What type of dovetails are you trying to make. Half-blind dovetails are quick to make once set up & are the preferred for drawers. Through-dovetails are more for boxes. The first setup shouldn't take long as long as you use some basic measurements when sizing your drawers. After that you do not need to change any settings even if you change thickness of material as the joints are referenced off he inside of the joint. If having any problems post it & we will see if we can help adjust it for you.

There is another bit that looks like the lock miter bit but it is a little different. It is a drawer lock bit. It has a little different profile.
Maybe I shouldn't have gotten into the dovetail jig discussion. I now know that a miter lock bit and a drawer lock bit are two different animals. so-- has anyone had any luck using a drawer lock bit ? Are they as big a pain as a miter lock bit ?
Hi Bob,
The drawer lock bit is much easier to setup. As for the lock miter bit for drawer boxes I have done this once for a customer. He wanted the joints to be put together with a lock miter. The drawers work fine but not worth the amount of work to get right for drawer boxes. I use this bit for columns & newels were you need a strong mitered corner joint.

If using an applied drawer front or not I would stick with the half-blind dovetail or the drawer lock bit. For kitchen cabs & bath vanities I use the half-blind dovetails. My Porter Cable jig is always setup & ready for a drawer project. Just have to cut my drawer sizes accordingly for centered joints which is no problem.
Hey Bob J.... This might sound stupid, but.............
what is the reason you would not use these bits for drawer boxes ? I thought I saw some bits from Amana that were made for that. Or we talking about two different bits ? I have a porter cable dove tail jig, but the set up time varies from quick to " I think its nap time." The stock has to centered between the fingers, or the off set will be off. That's why I thought it would be quicker to rout the stock and then cut it to size. ( My boss wants a lot of different size drawers in her cabinets. )
Hi Bob,
Setting up your jig is not really that hard or time consuming once you understand the drawer sizing. PC uses 1” increments for the joint spacing. To have a joint with half pins top & bottom for a centered joint the sizing of drawer parts are 1” increments + 1/4” so your drawer parts will be ripped to 2-1/4” 3-1/4”, 4-1/4”, 5-1/4” etc. The jig has stops to offset your parts & each corner joint is machined at the same time.
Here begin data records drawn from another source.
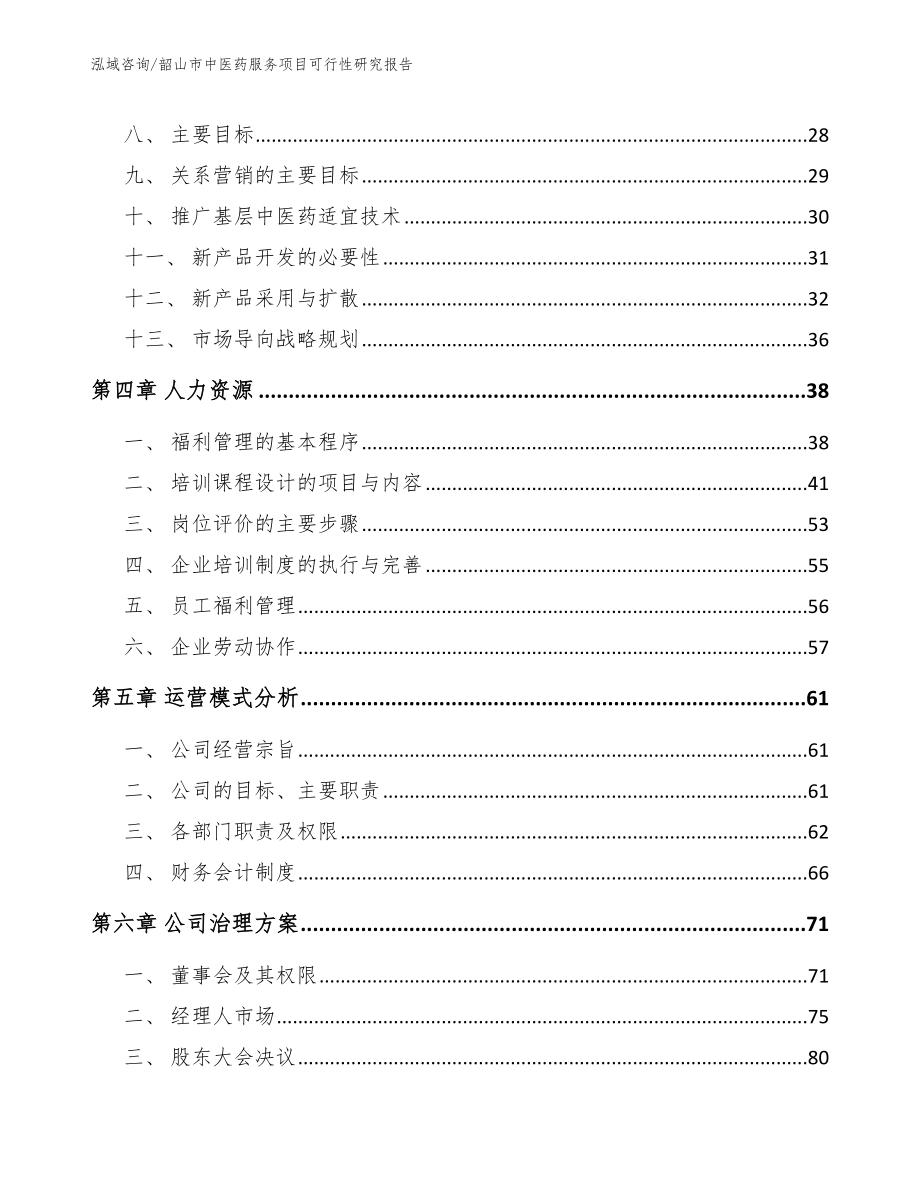 韶山市中医药服务项目可行性研究报告_范文参考_第2页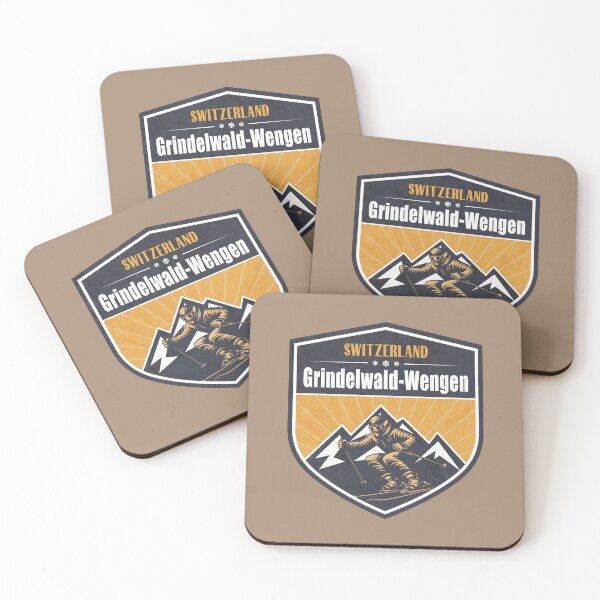 Item preview, Grindelwald - Wengen Switzerland Winter Skiing Design designed and sold by CynthiaGraphics.
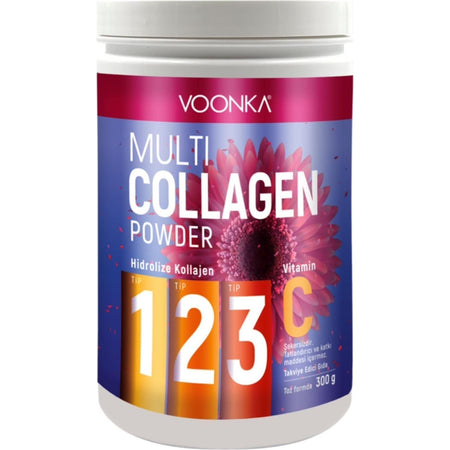 Voonka Multi Collagen Powder 300 g Hydrolyzed Collagen - MALLTURK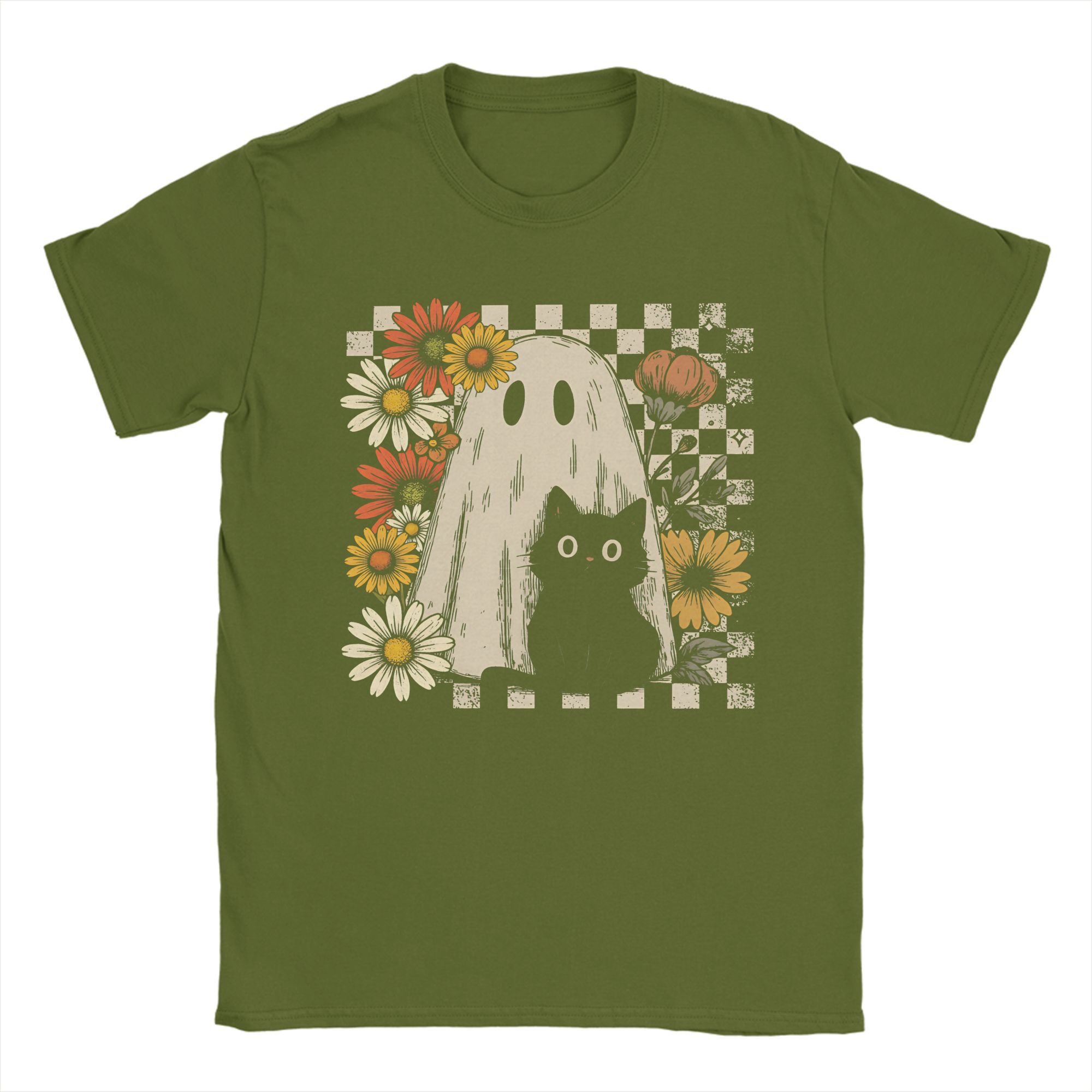 Boho Floral Fall Ghost Cat Halloween T Shirt Summer Hippie T-Shirts Mens Cotton O Neck Oversize Tees Short Sleeves Tshirt 3XL
Boho Floral Fall Ghost Cat Halloween T Shirt Summer Hippie T-Shirts Mens Cotton O Neck Oversize Tees Short Sleeves Tshirt 3XL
Design your drawer openings with these sizes in mind.

If you have a drawer opening of 5” your drawer box height would be the 4-1/4”. If using side mount slides this is enough room top to bottom. If using undermount slides I would suggest add an extra 1/8” to the height of the opening for a little extra room or use the 3-1/4” drawer height. You can use ¼” ply for the drawer bottoms. You can route a ¼” dado ½” up from the bottom. This will put the groove in the center of the tails & will not be seen when opening the drawer.

Your bit height will be in the neighborhood of 5/8" from the base of you router. 1/4" for the dovetail template & 3/8" for the joint. That should get you in the ballpark. You just need to fine tune it very little to get the tightness of fit you desire. Once you find your sweet spot you can route all your parts off this same setting using 1/2" t0 1-1/8" material. The joints will always fit the same.